### Exercise aim:
Without including any images, repeat the data exactly.

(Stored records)
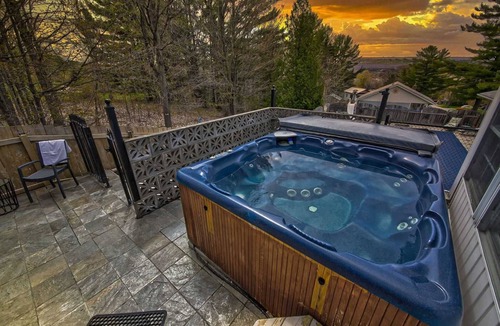 Penetanguishene House | The Discovery Retreat: Heated Pool, Hot Tub, Firepit, BBQ, Sauna, Game Room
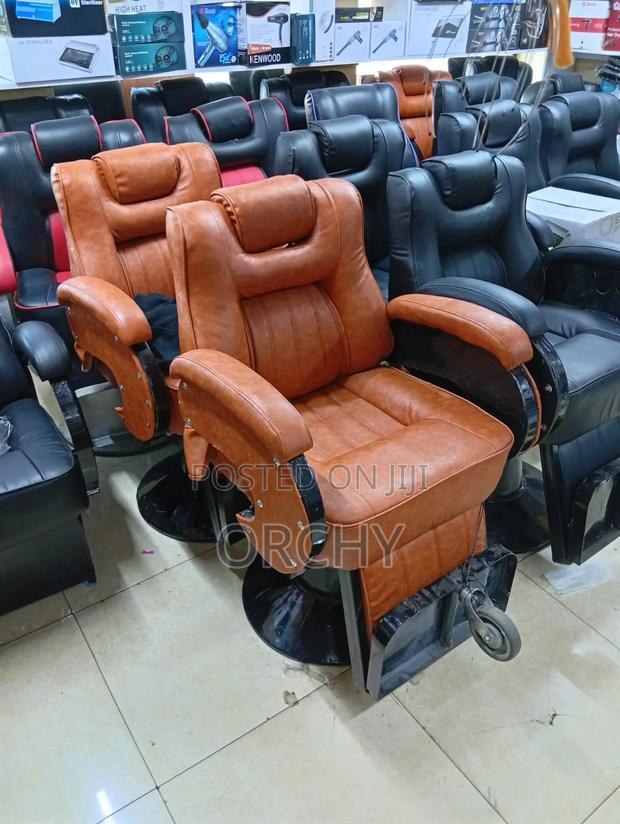 Executive Barber Seats - main view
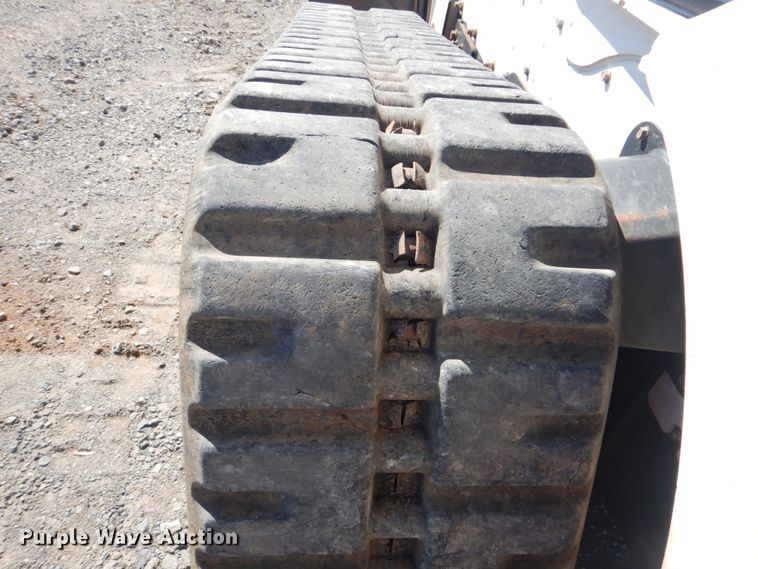 image for item DI2348 2015 Bobcat T870 skid steer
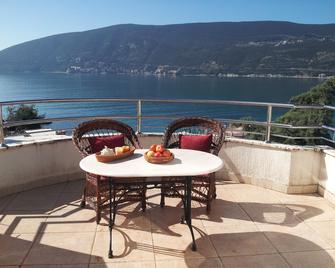 Apartments Villa Kukoljac - Herceg Novi - Balkon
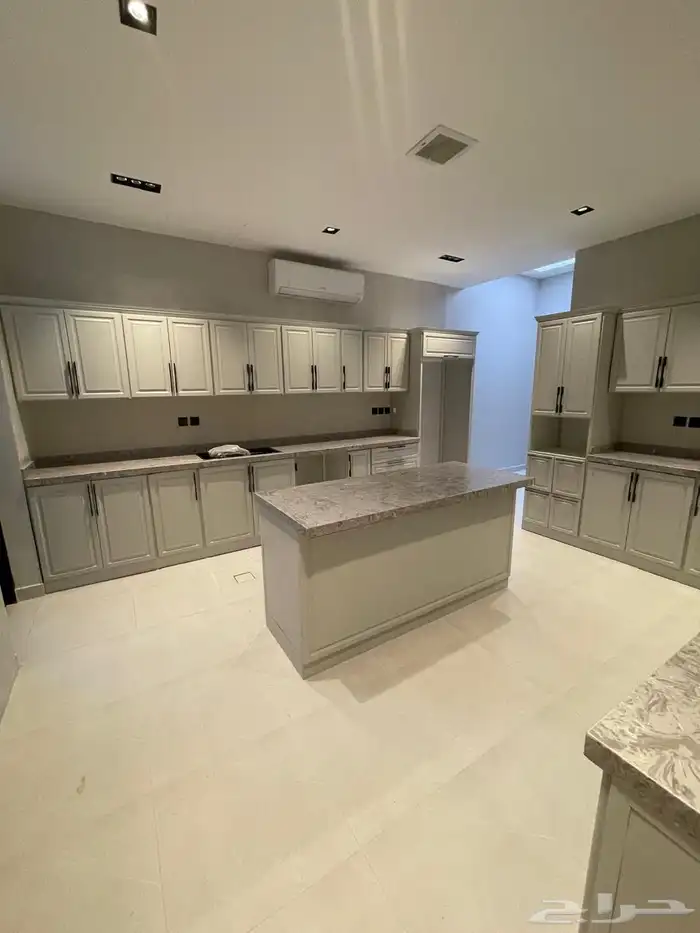 ثلاث فلل للايجار حي الرمال مسك للايجار مكيفات مطبخ راكبه ا 3
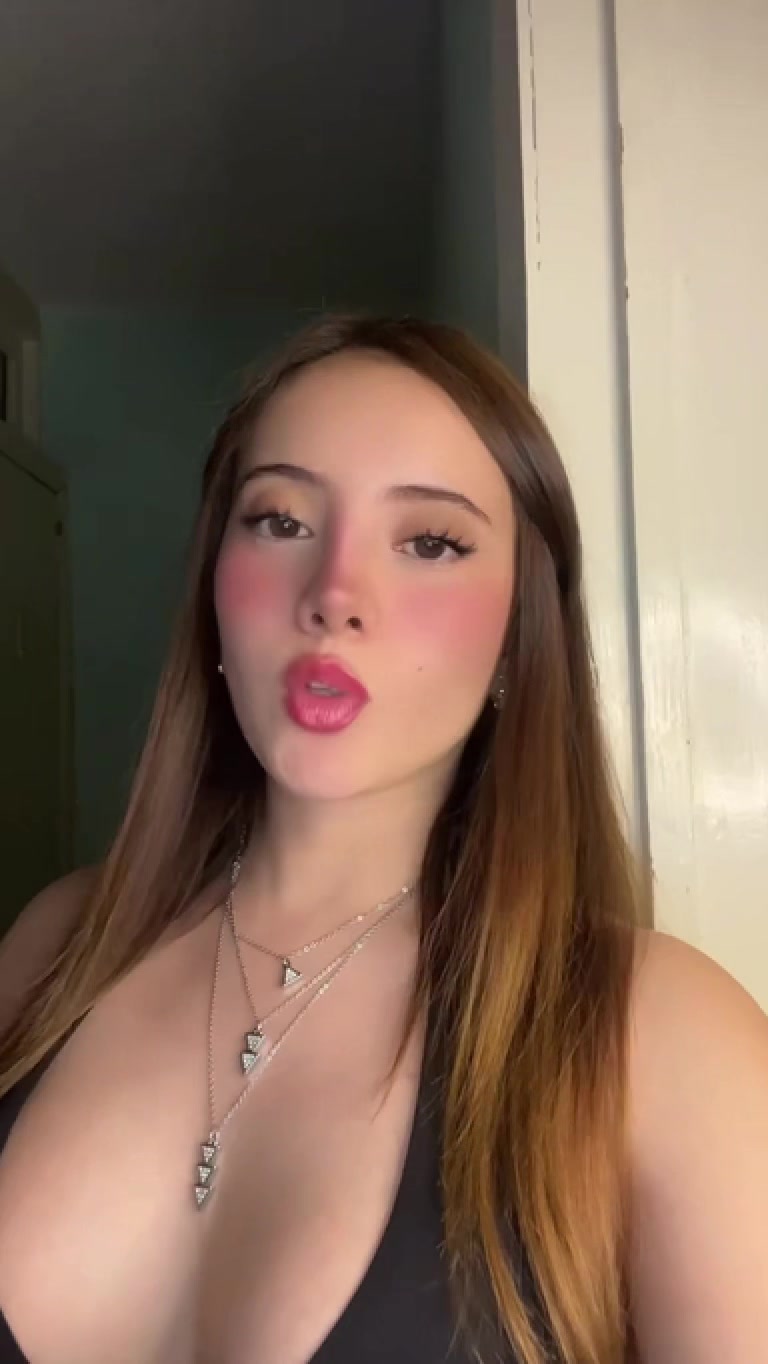 @Aleexa R ๐ฆ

### Task output:
 Penetanguishene House | The Discovery Retreat: Heated Pool, Hot Tub, Firepit, BBQ, Sauna, Game Room
 Executive Barber Seats - main view
 image for item DI2348 2015 Bobcat T870 skid steer
 Apartments Villa Kukoljac - Herceg Novi - Balkon
 ثلاث فلل للايجار حي الرمال مسك للايجار مكيفات مطبخ راكبه ا 3
 @Aleexa R ๐ฆ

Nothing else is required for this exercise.